– Письма есть, – медленно тянет слова «родственница» поэта, – маленькая стопочка и стихи там небольшие… В сундуке.
– Разрешите, я сейчас к вам приеду? – взволнованно говорит Андроников.
– Сейчас поздно… десятый час… Мы с сестрой рано ложимся, сестра ещё старше меня.
– Тогда завтра с утра я у вас буду.
– Знаете… нас с сестрой завтра утром повезут в баню. Вы после двух, пожалуйста.
– Спасибо, буду после двух, – нехотя соглашается Андроников. – Только до моего прихода вы никому не звоните.
– Зачем же? – успокаивает его Агния Львовна. – Запишите адрес: Лаврушинский переулок, 17.
В ажитации от небывалой удачи Ираклий Луарсабович не отреагировал на названный ему адрес и спросил, как имя-отчество звонящей. Барто назвала себя. Последовала длительная пауза, а затем:
– Это жестоко!
Но через мгновение уже смех и оценка розыгрыша:
– Как я попался! Нет, это грандиозно!
А. Барто
По мнению Барто, хорошо знавшей Андроникова, он был проницательным и далеко не наивным человеком, но в то же время доверчивым. Агния Львовна не раз вводила его в заблуждение и даже завела «летопись» розыгрышей. Об успехах Барто на этом поприще прослышали даже за рубежом. Как-то в Париже на заседании Международного жюри незнакомый француз сказал ей:
– Мы всё про вас знаем! Вы пишете стихи, ищете по радио детей и родных, разлучённых войной, и разыгрываете Ираклия Андроникова.
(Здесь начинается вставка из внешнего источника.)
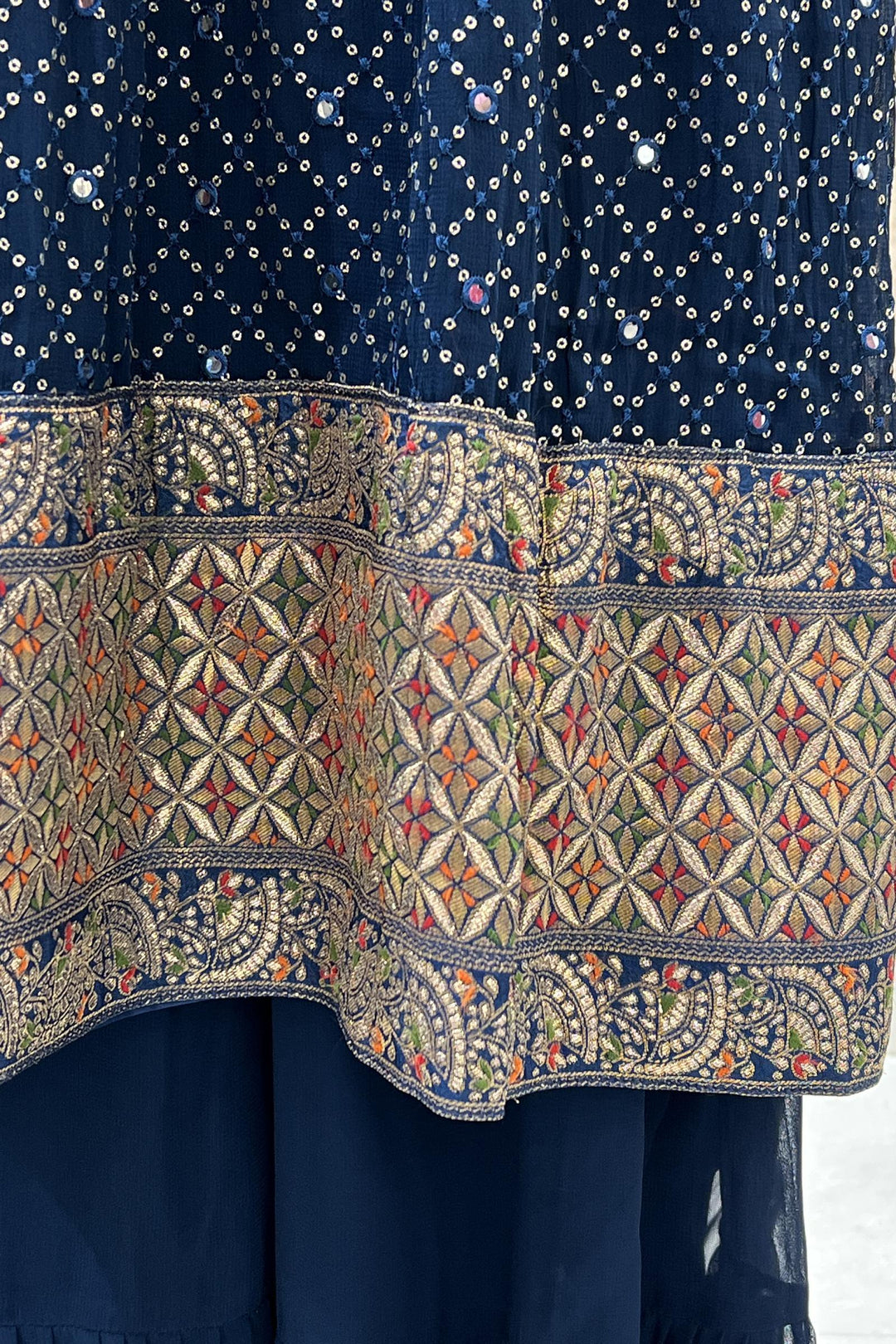 Blue Banaras, Sequins and Thread work Salwar Suit with Palazzo Pants - Seasons Chennai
Последние встречи. Писательница Н. И. Ильина за одиннадцать лет своего знакомства с A. A. Ахматовой довольно часто встречалась с ней. Однажды Анна Андреевна поведала своей поклоннице о двух встречах с М. И. Цветаевой, которые произошли в июне 1941 года. Инициатива исходила от Марины Ивановны, которая дала свой телефон Б. Л. Пастернаку для передачи Ахматовой. Анна Андреевна рассказывала:
«Звоню. Прошу позвать ее. Слышу „Да“.
– Говорит Ахматова.
– Слушаю.
Я удивилась. Ведь она же хотела меня видеть? Но говорю:
– Как мы сделаем? Мне к вам прийти или вы ко мне придёте?
– Лучше я к вам приду.
– Тогда я позову сейчас нормального человека, чтобы он объяснил, как до нас добраться.
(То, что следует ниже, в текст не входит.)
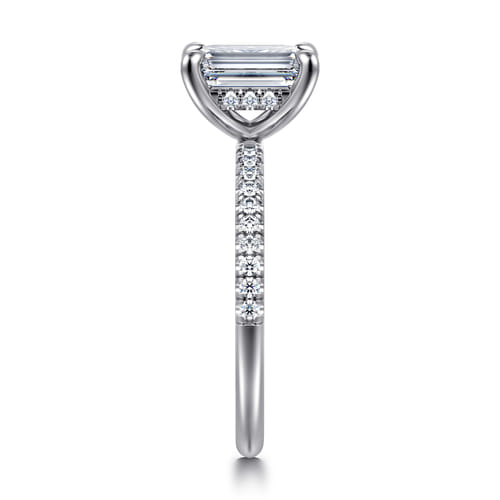 14K White Gold Emerald Cut Diamond Engagement Ring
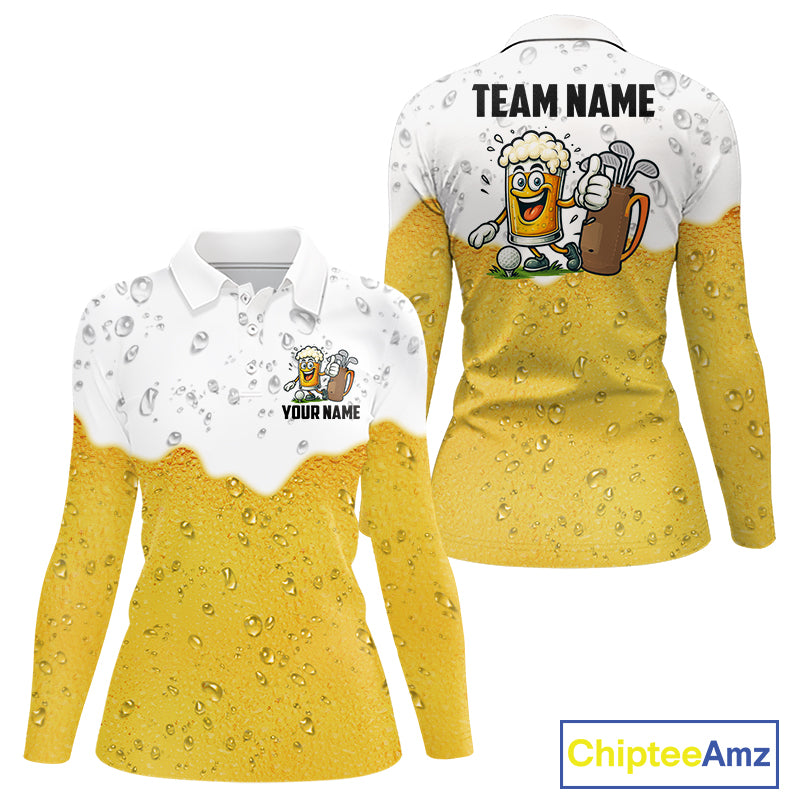Custom White And Yellow Funny Beer Golf Polo Shirts For Women, Funny Beer Glass Ladies Golf Outfit NQS10919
– А нормальный человек сможет объяснить ненормальному?
Пришла на другой день в двенадцать дня, а ушла в час ночи. Сидели в этой маленькой комнате. Сердобольные Ардовы нам еду какую-то присылали. О чём говорили? Не верю, что можно многие годы точно помнить, о чём люди говорили, не верю, когда по памяти восстанавливают. Помню, что она спросила меня:
– Как вы могли написать: „Отними и ребенка, и друга, и таинственный песенный дар…“? Разве вы не знаете, что в стихах всё сбывается?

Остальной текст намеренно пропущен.